**Entries provided**

·····

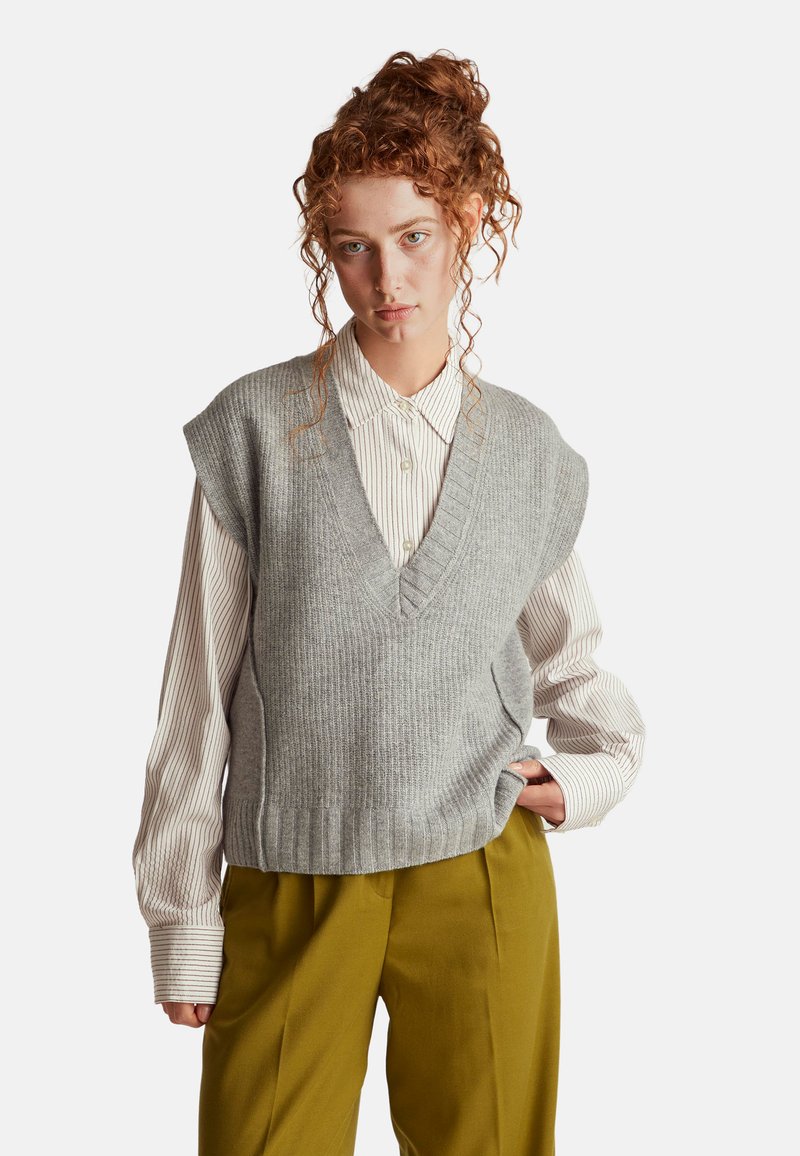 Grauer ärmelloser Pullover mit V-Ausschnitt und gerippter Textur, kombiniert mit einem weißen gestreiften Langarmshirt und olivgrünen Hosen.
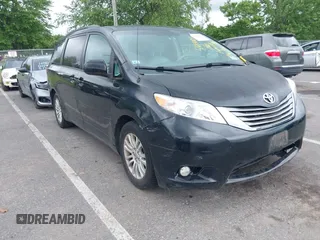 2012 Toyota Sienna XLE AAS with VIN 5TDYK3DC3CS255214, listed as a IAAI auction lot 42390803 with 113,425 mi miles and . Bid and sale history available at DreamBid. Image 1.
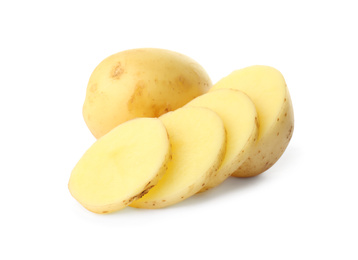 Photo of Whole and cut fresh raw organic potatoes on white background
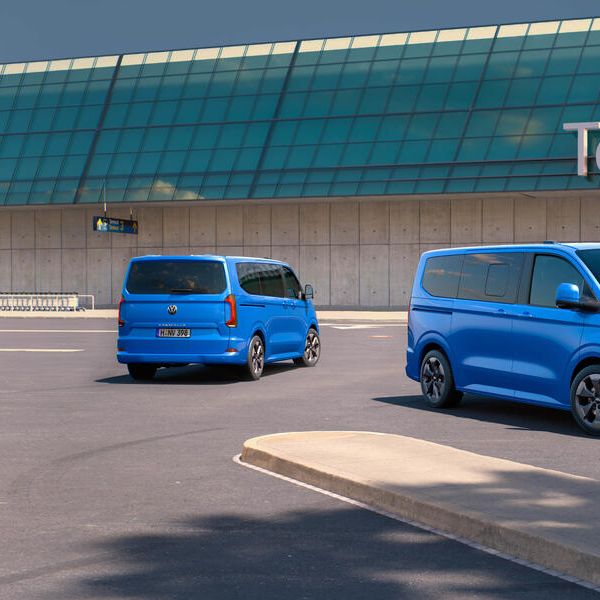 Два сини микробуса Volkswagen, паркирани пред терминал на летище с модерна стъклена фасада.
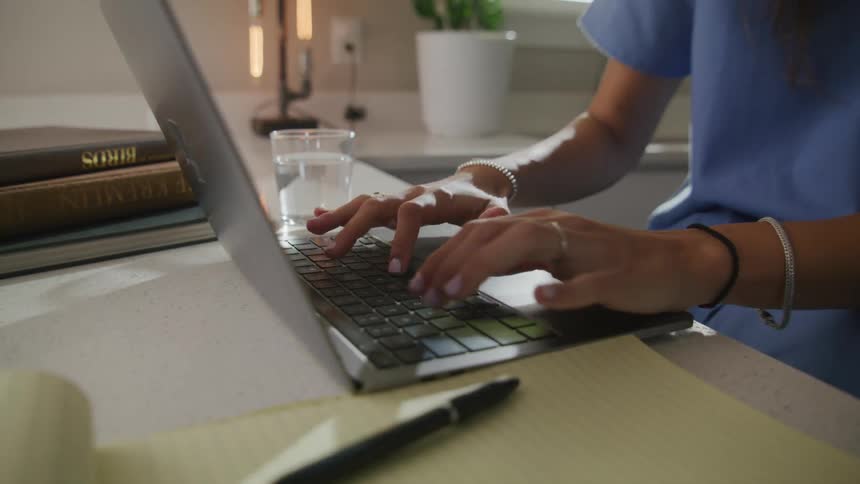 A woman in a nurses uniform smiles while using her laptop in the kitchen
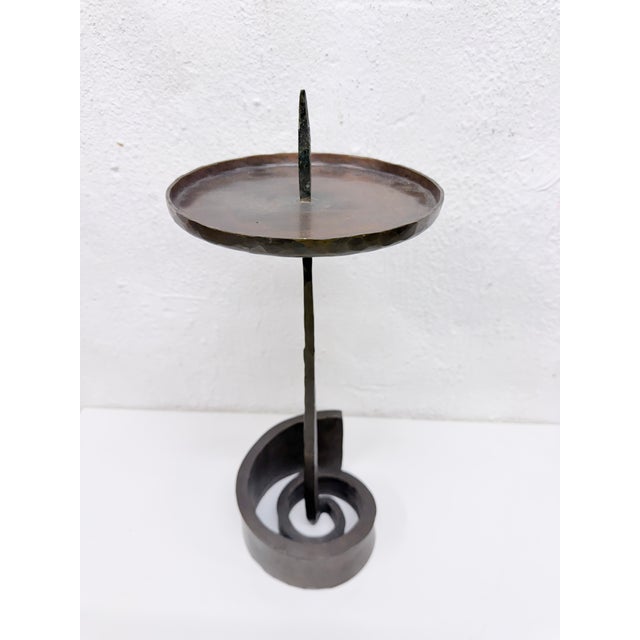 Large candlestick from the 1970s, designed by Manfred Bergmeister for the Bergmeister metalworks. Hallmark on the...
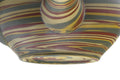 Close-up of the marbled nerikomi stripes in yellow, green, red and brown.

·····

**Assignment**
Please set down, exactly and with nothing added, the lines from the line with "2012 Toyota Sienna" to the end of the entries above, omitting pictures.

**Reply**
 2012 Toyota Sienna XLE AAS with VIN 5TDYK3DC3CS255214, listed as a IAAI auction lot 42390803 with 113,425 mi miles and . Bid and sale history available at DreamBid. Image 1.
 Photo of Whole and cut fresh raw organic potatoes on white background
 Два сини микробуса Volkswagen, паркирани пред терминал на летище с модерна стъклена фасада.
 A woman in a nurses uniform smiles while using her laptop in the kitchen
 Large candlestick from the 1970s, designed by Manfred Bergmeister for the Bergmeister metalworks. Hallmark on the...
 Close-up of the marbled nerikomi stripes in yellow, green, red and brown.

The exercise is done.